Question

A cheque was written for M rupees and N paisa, both M and N being-two digit numbers, but was mistakenly cashed for N rupees and M paisa. The incorrect amount exceeded the correct amount by Rs.1782, Then
A. M cannot be more than 70
B. N can be equal to 2M
C. The amount of the cheque cannot be multiple of 5.
D. The incorrect amount can be twice the correct amount.

Answer 1

Hint: First of all this is a very simple and a very easy problem. In order to solve this problem we have some basic knowledge about the method of trial and error. The trial and error method deals with the assumptions and if errors come in it, then we go to another assumption and substitute till we do not get any errors, this whole process involves a lot of trials and errors hence called trial and error method.

Complete step-by-step solution:
Given that the correct amount on the cheque is M rupees and N paisa, which can be written as given below:
\[ \Rightarrow 100M + N\] paid
Given that the mistaken amount is N rupees and M paisa, which can be written as given below:
\[ \Rightarrow 100N + M\] paid
Also given that the incorrect amount exceeded the correct amount by Rs.1782, which is expressed below as:
$ \Rightarrow 100N + M - \left( {100M + N} \right) = 1782$
$ \Rightarrow 100N - N + M - 100M = 1782$
On expanding the above expression, and grouping the like terms together as given below:
$ \Rightarrow 99\left( {N - M} \right) = 1782$
$ \Rightarrow N - M = \dfrac{{1782}}{{99}}$
$ \Rightarrow N - M = 18$
Here the above expression if $N = 89$ and $M = 71$
$\therefore M = 71,N = 89$
Here M is greater than 70.
Hence the first option is incorrect.
Now the correct amount on the cheque is $100M + N$.
Let $M = 12$ and $N = 30$
Then the total amount is given by:
$ \Rightarrow 100\left( {12} \right) + 30$
$ \Rightarrow 1200 + 30$
$ \Rightarrow 1230$
Thus the correct amount is 1230 which is a multiple of 5. Here the amount can be a multiple of 5.
Hence the third option is incorrect.
In the above expression we obtained that $N - M = 18$,
Now checking with the fourth option whether the incorrect amount can be twice the correct amount, as given below:
We know the correct amount is \[100M + N\] and the incorrect amount is \[100N + M\], expressing the fourth option mathematically below:
$ \Rightarrow 100N + M = 2\left( {100M + N} \right)$
$ \Rightarrow 100N + M = 200M + 2N$
\[ \Rightarrow 98N = 198M\], which is one equation and
$ \Rightarrow N - M = 18$, is another equation.
We have two equations and two variables, on solving these equations we get the solutions of M and N as non-integers.
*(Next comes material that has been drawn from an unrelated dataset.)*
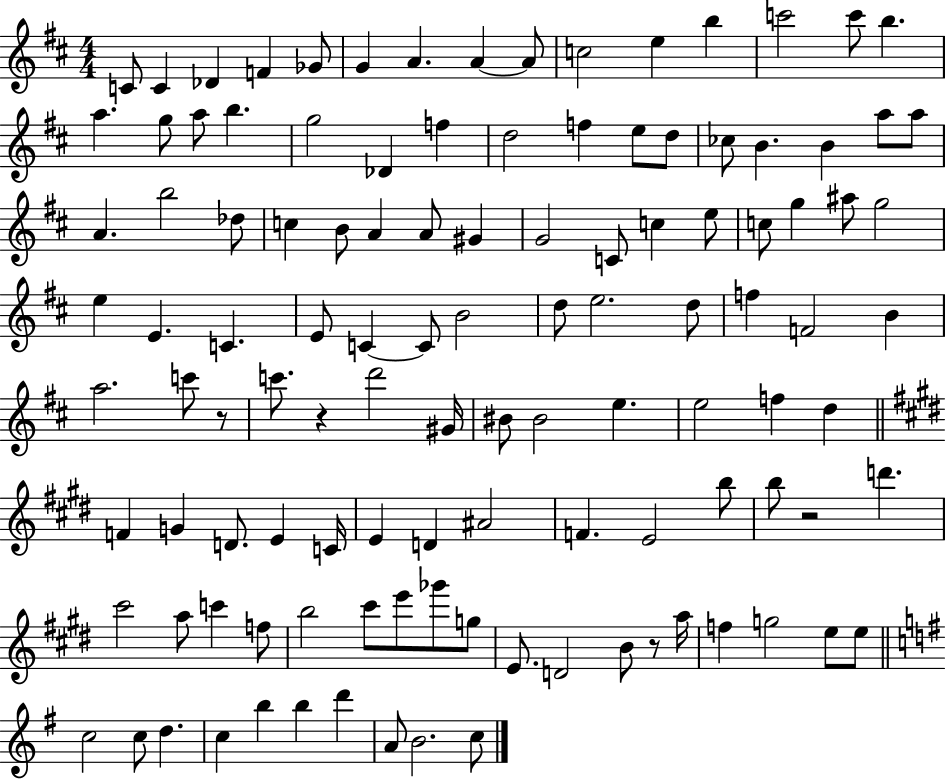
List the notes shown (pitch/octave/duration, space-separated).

C4/e C4/q Db4/q F4/q Gb4/e G4/q A4/q. A4/q A4/e C5/h E5/q B5/q C6/h C6/e B5/q. A5/q. G5/e A5/e B5/q. G5/h Db4/q F5/q D5/h F5/q E5/e D5/e CES5/e B4/q. B4/q A5/e A5/e A4/q. B5/h Db5/e C5/q B4/e A4/q A4/e G#4/q G4/h C4/e C5/q E5/e C5/e G5/q A#5/e G5/h E5/q E4/q. C4/q. E4/e C4/q C4/e B4/h D5/e E5/h. D5/e F5/q F4/h B4/q A5/h. C6/e R/e C6/e. R/q D6/h G#4/s BIS4/e BIS4/h E5/q. E5/h F5/q D5/q F4/q G4/q D4/e. E4/q C4/s E4/q D4/q A#4/h F4/q. E4/h B5/e B5/e R/h D6/q. C#6/h A5/e C6/q F5/e B5/h C#6/e E6/e Gb6/e G5/e E4/e. D4/h B4/e R/e A5/s F5/q G5/h E5/e E5/e C5/h C5/e D5/q. C5/q B5/q B5/q D6/q A4/e B4/h. C5/e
But given that the M and N are two-digit numbers which are integers.
Hence the incorrect amount cannot be twice the correct amount.
The fourth option is incorrect.
Now as given M and N can be any two digit numbers,
So let $M = 18$ and $N = 36$
Here $N = 2M$
$\therefore $ N can be equal to 2M

Hence the option B is the correct option.
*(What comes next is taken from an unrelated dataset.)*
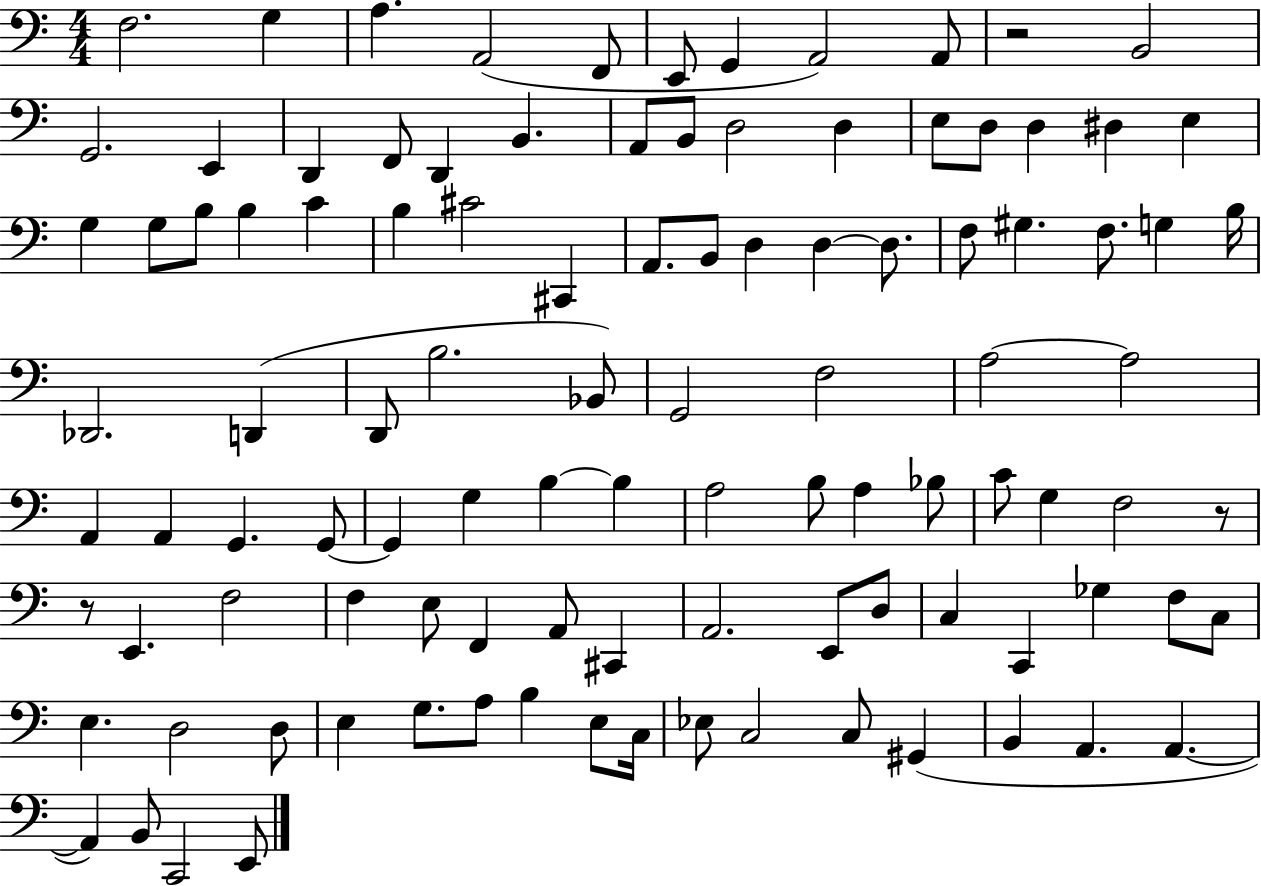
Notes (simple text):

F3/h. G3/q A3/q. A2/h F2/e E2/e G2/q A2/h A2/e R/h B2/h G2/h. E2/q D2/q F2/e D2/q B2/q. A2/e B2/e D3/h D3/q E3/e D3/e D3/q D#3/q E3/q G3/q G3/e B3/e B3/q C4/q B3/q C#4/h C#2/q A2/e. B2/e D3/q D3/q D3/e. F3/e G#3/q. F3/e. G3/q B3/s Db2/h. D2/q D2/e B3/h. Bb2/e G2/h F3/h A3/h A3/h A2/q A2/q G2/q. G2/e G2/q G3/q B3/q B3/q A3/h B3/e A3/q Bb3/e C4/e G3/q F3/h R/e R/e E2/q. F3/h F3/q E3/e F2/q A2/e C#2/q A2/h. E2/e D3/e C3/q C2/q Gb3/q F3/e C3/e E3/q. D3/h D3/e E3/q G3/e. A3/e B3/q E3/e C3/s Eb3/e C3/h C3/e G#2/q B2/q A2/q. A2/q. A2/q B2/e C2/h E2/e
Note: Here while solving this problem, as in the most of the involved process we are dealing with the trial and error method, we substituted all the given hints and clues and then started doing the trial and error method, here while finding whether N can be equal to 2M, then here M and N can be any two-digit numbers for example we can take M=12 and N=24, where the statement “N can be equal to 2M” still holds true.